Acompanhamos um casal principal, Deni Maroon (Glover) e Kofi (Rihanna). Deni é o músico mais popular da ilha fictícia onde vive (a obra é filmada em Cuba, mas a trama se passa na fantasiosa Guava), enquanto sua companheira, Kofi, trabalha em uma confecção. O conflito da trama surge quando Red Cargo (Nonso Anozie), um criminoso que manda na região, ordena a Deni que não toque no festival artístico programado para o fim do dia e vá embora da ilha. Superficialmente, a intenção de Cargo parece ser afastar as pessoas do festival para que elas se mantenham trabalhando – já que Red é dono tanto da confecção quanto da doca, os dois únicos ambientes de trabalho pesado que vemos ao longo da obra –, mas o plano esconde, por trás, um medo de que uma revolução artística desperte o desejo por liberdade na população – afinal, os personagens parecem viver em função de seus trabalhos.

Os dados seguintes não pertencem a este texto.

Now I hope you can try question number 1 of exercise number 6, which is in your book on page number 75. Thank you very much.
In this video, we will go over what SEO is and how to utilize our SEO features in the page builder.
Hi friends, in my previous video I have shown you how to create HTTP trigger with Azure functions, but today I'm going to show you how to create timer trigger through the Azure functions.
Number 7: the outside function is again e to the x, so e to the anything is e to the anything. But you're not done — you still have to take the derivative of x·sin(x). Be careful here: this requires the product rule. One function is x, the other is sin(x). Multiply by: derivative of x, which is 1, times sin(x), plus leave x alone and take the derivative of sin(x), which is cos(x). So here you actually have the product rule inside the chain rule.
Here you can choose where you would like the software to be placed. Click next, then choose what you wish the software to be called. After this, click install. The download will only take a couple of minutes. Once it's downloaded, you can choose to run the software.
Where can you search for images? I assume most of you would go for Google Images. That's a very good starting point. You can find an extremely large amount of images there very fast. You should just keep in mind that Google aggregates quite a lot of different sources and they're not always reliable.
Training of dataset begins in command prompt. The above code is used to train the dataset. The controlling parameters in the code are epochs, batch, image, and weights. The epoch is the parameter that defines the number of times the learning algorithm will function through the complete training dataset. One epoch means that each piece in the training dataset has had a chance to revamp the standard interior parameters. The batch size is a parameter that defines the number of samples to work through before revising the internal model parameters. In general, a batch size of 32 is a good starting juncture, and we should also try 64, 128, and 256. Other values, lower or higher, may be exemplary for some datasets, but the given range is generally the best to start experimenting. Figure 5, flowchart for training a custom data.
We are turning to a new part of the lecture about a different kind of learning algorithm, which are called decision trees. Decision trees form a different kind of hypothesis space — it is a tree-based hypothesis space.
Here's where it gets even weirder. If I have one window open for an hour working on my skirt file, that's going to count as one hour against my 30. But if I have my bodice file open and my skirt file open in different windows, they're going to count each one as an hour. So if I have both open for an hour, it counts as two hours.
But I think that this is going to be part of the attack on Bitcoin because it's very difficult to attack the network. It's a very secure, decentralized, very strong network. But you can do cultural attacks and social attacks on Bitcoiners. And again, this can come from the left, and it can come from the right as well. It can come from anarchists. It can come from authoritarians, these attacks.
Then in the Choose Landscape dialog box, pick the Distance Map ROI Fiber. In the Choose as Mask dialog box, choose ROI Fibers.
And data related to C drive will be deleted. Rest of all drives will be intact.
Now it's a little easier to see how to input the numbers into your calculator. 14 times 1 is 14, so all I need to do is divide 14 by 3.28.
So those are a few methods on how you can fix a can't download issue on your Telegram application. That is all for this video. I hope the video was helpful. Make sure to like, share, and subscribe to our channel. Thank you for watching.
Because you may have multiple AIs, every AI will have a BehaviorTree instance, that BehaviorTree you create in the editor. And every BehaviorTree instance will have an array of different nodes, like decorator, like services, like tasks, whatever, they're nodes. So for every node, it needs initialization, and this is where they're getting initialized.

A arte é um elemento ativo em cada segundo da projeção. A introdução, que alia a narração da própria Rihanna com uma belíssima animação que conta a história do casal, evoca tanto a arte do storytelling quanto a pintura. Mesmo quando a história tem seu ponto de partida e é retratada em live-action, porém, Hiro Murai encontra maneiras de brincar com a relação daquela ilha mágica com a arte. Quando uma trilha de percussão acompanha um momento dramático, a montagem alterna entre a cena que representa a história e imagens de músicos executando a trilha, como se a música fosse um elemento vivo que tomasse as rédeas da narrativa naquele momento. Essa presença de expressões artísticas variadas faz com que o olhar do espectador seja sempre colorido como o de Deni, sujeito que vê na expressão artística a única liberdade e valor alcançáveis.

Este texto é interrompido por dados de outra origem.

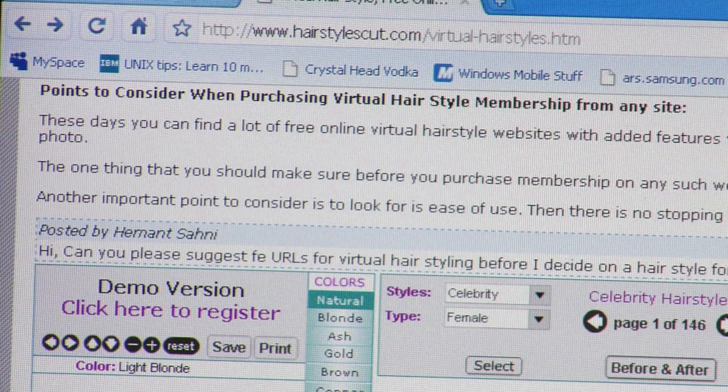I did a bunch of searching and I was able to find this website called www.hairstylescut.com — that's www.hairstylescut.com — and then www.virtual-hairstyles.htm.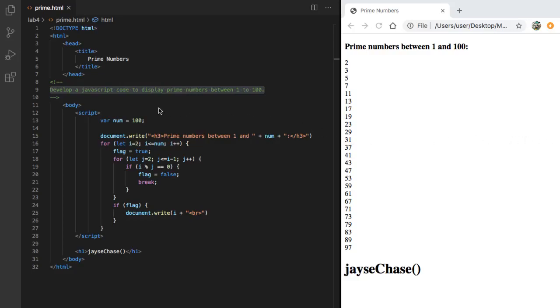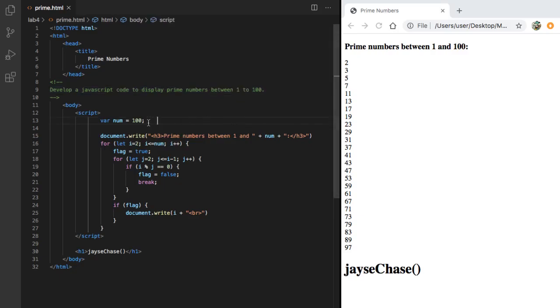This is how to print prime numbers in JavaScript. Hey guys, it's Jace here. Thanks for tuning into my channel and welcome to my very first video on coding.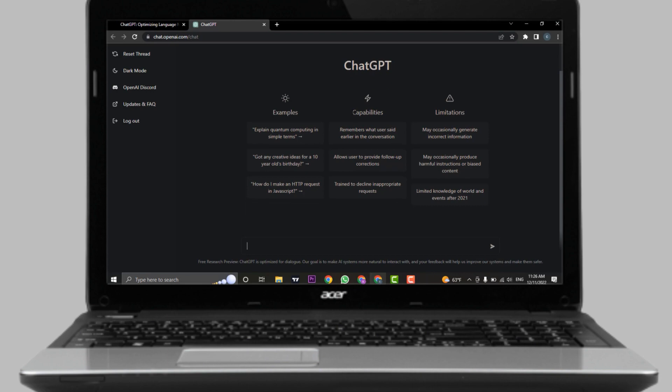You'll need to log into your account first. If you don't yet have an account, you can create one easily using a Google account. After that, you'll land on the messaging section.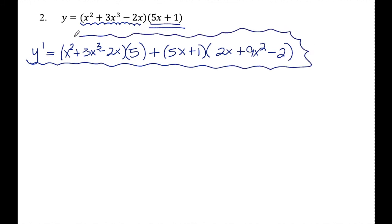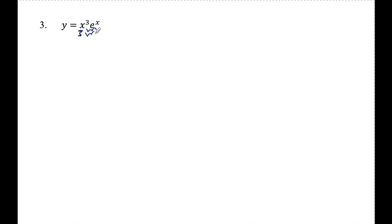You could multiply stuff out and combine like terms, but for the purposes of using the product rule, we're good to go. Number three: y equals x cubed e to the x. There's no plus or minus sign between x cubed and e to the x, which means that's implied multiplication — this reads x cubed times e to the x. If you read a function out loud and you say 'times,' that means you're going to have to use the product rule. So x cubed is the first and e to the x is the second.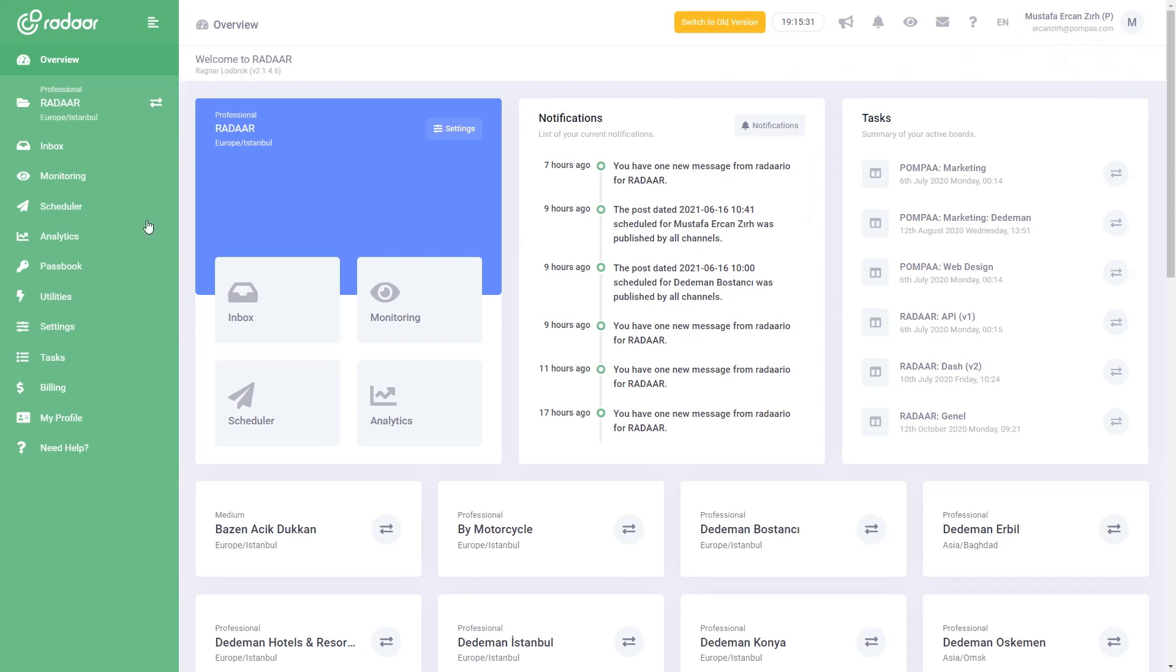Once you sign up, you will reach Radar's simple, straightforward, and easy-to-use dashboard.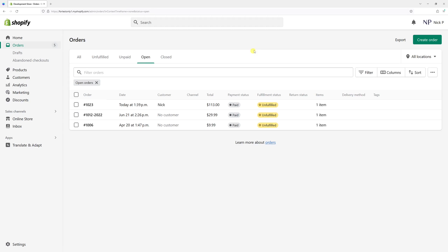In this video, I will show you the settings which enable you to automatically archive orders the moment they are fulfilled.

Murai constrói o mundo de Guava de forma que a arte (representada quase sempre por seu principal artista, Deni) é o único elemento que entra em conflito com o sistema capitalista representado criminoso que comanda o local. Essa relação é construída tanto pelas maneiras mais convencionais – a já citada intimidação de Red Cargo –, como também pela relação de Deni com os outros personagens da ilha. Quando o músico é encurralado por três crianças que trabalham para o vilão e tentam assaltá-lo, Deni reage com calma e, por meio da arte (no caso, o convite para os três meninos assistirem ao seu show da primeira fileira) faz com que eles desistam do crime – e removam os disfarces, algo também muito simbólico na cena.

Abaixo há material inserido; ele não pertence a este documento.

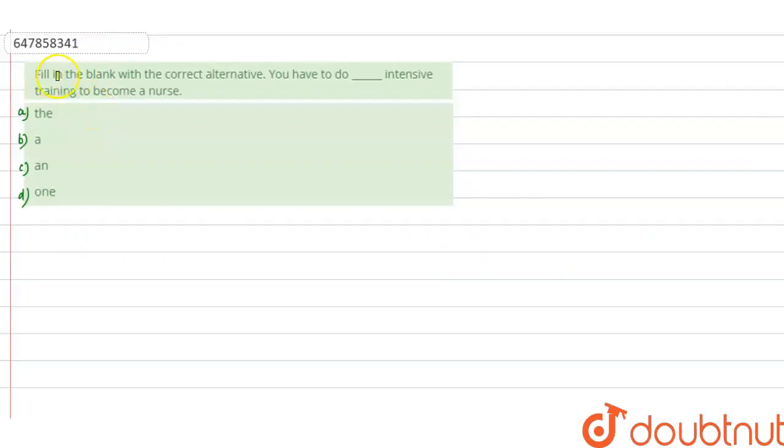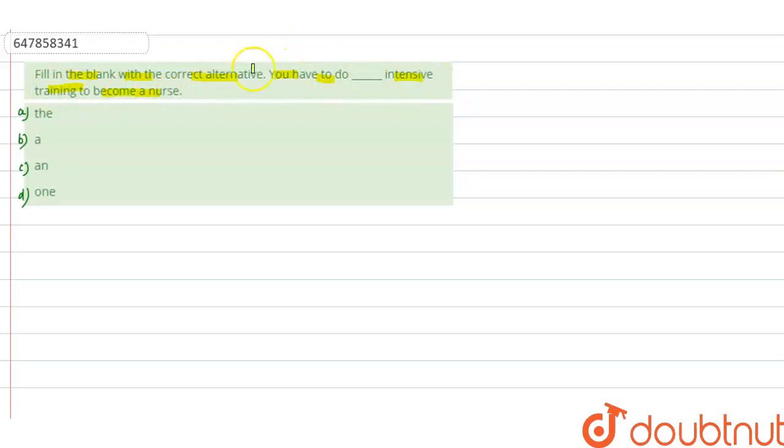Hello, here the question is fill in the blank with the correct alternative. So the sentence is you have to do dash intensive training to become a nurse.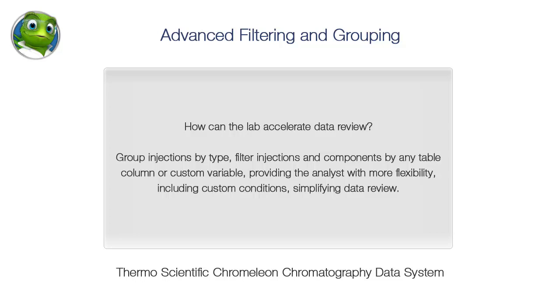How can the lab accelerate data review? Group injections by type, filter injections and components by any table column or custom variable, providing the analyst with more flexibility, including custom conditions, simplifying data review.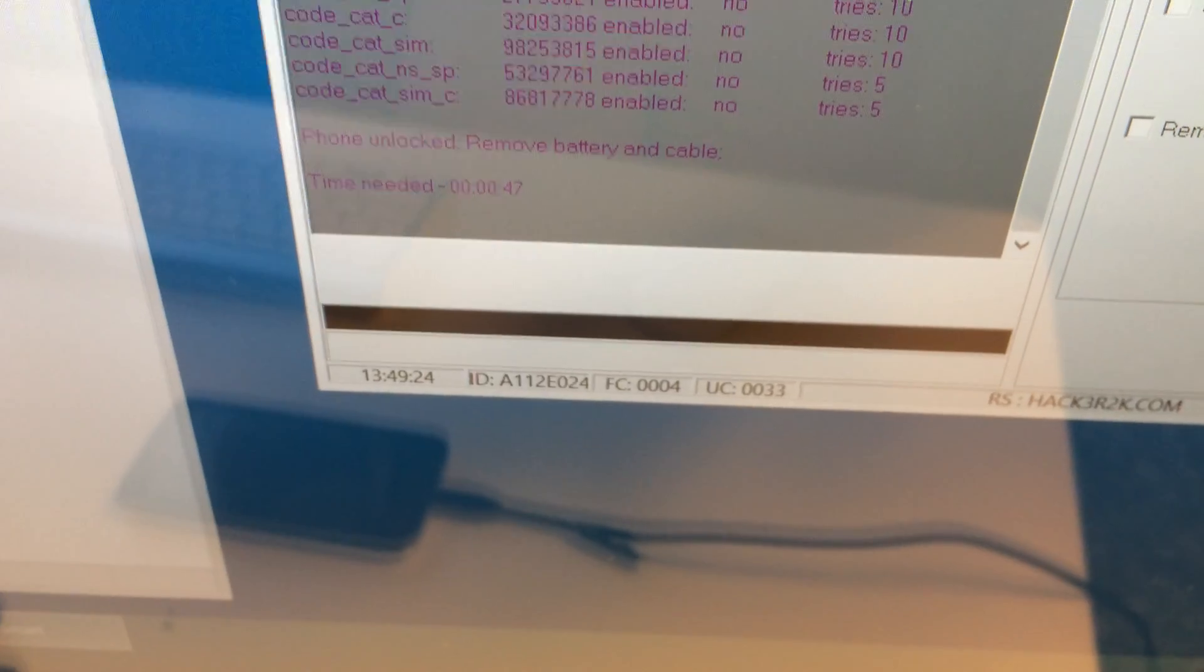This is all, the phone has been unlocked so let's check it.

“Guava Island” ainda encontra espaço para brincar com a carreira do próprio Donald Glover, trazendo o protagonista cantando os sucessos de Childish Gambino, seu pseudônimo artístico. O videoclipe de “This is America”, por exemplo, é reconstruído em uma cena na qual Deni envolve seus amigos com a dança e desconstrói o sonho de “liberdade” capitalista americano. Aliás, não é por acaso que essa cena termine justamente com Red Cargo sequestrando Deni para fazer a tal proposta: Dani está, ali, impedindo a continuidade do trabalho – a cena se passa na tal doca que Red possui – para incitar nos trabalhadores alguma manifestação artística, que abandonam seus postos e começam a dançar. Há, durante quase todas as cenas, arte e capitalismo travando um embate, no qual a primeira sempre reage de forma espontânea, apaziguadora e alegre, enquanto o segundo surge sempre de maneira bruta e violenta.

Apontando o legado da arte como única maneira de eternizar o artista e sua ideia, “Guava Island” é uma pequena pérola que, mesmo que imperfeita – a personagem de Rihanna, por exemplo, é bastante subaproveitada, e acaba sendo utilizada apenas como uma muleta de narração –, consegue, assim como Deni, se posicionar com clareza. No ato final, assim como o passarinho engaiolado que o protagonista observa com dó na mansão do “dono” da ilha, toda a população de Guaiva é pintada de azul, cor que acaba funcionando como a representação da liberdade. A ilha de Guava se torna um lugar paradisíaco e lúdico, onde a arte consegue vencer o sistema, mesmo que às custas de muita dor. Sem nunca precisar intelectualizar demais seus temas e tratar tudo de forma sutil e sempre por meio de alguma expressão artística, “Guava Island” é um belo manifesto contra um mundo que transforma tudo em produto – até a própria arte.